Stepping through Code

Stepping lets you trace the path of your program, and zero in on the code that is crashing or returning invalid input.
  • l
  • l 50
  • l myfunction
    • Lists 10 lines of source code for current line (l), a specific line (l 50), or for a function (l myfunction).
  • next
    • Runs the program until next line, then pauses. If the current line is a function, it executes the entire function, then pauses. next is good for walking through your code quickly.
  • step
    • Runs the next instruction, not line. If the current instruction is setting a variable, it is the same as next. If it’s a function, it will jump into the function, execute the first statement, then pause. step is good for diving into the details of your code.
  • finish
    • Finishes executing the current function, then pause (also called step out). Useful if you accidentally stepped into a function.

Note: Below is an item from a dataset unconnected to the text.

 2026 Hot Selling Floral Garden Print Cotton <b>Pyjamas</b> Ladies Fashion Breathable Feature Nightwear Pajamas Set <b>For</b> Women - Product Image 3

Breakpoints or Watchpoints

Breakpoints play an important role in debugging. They pause (break) a program when it reaches a certain point. You can examine and change variables and resume execution. This is helpful when some input failure occurs, or inputs are to be tested.
  • break 45
  • break myfunction
    • Sets a breakpoint at line 45, or at myfunction. The program will pause when it reaches the breakpoint.
  • watch x == 3
    • Sets a watchpoint, which pauses the program when a condition changes (when x == 3 changes). Watchpoints are great for certain inputs (myPtr != NULL) without having to break on every function call.
  • continue
    • Resumes execution after being paused by a breakpoint/watchpoint. The program will continue until it hits the next breakpoint/watchpoint.
  • delete N
    • Deletes breakpoint N (breakpoints are numbered when created).

Setting Variables

Viewing and changing variables at runtime is a critical part of debugging. Try providing invalid inputs to functions or running other test cases to find the root cause of problems. Typically, you will view/set variables when the program is paused.
  • print x
    • Prints current value of variable x. Being able to use the original variable names is why the (-g) flag is needed; programs compiled regularly have this information removed.
  • set x = 3
  • set x = y
    • Sets x to a set value (3) or to another variable (y)
  • call myfunction()
  • call myotherfunction(x)
  • call strlen(mystring)
    • Calls user-defined or system functions. This is extremely useful, but beware of calling buggy functions.
  • display x
    • Constantly displays the value of variable x, which is shown after every step or pause. Useful if you are constantly checking for a certain value.
  • undisplay x
    • Removes the constant display of a variable displayed by display command.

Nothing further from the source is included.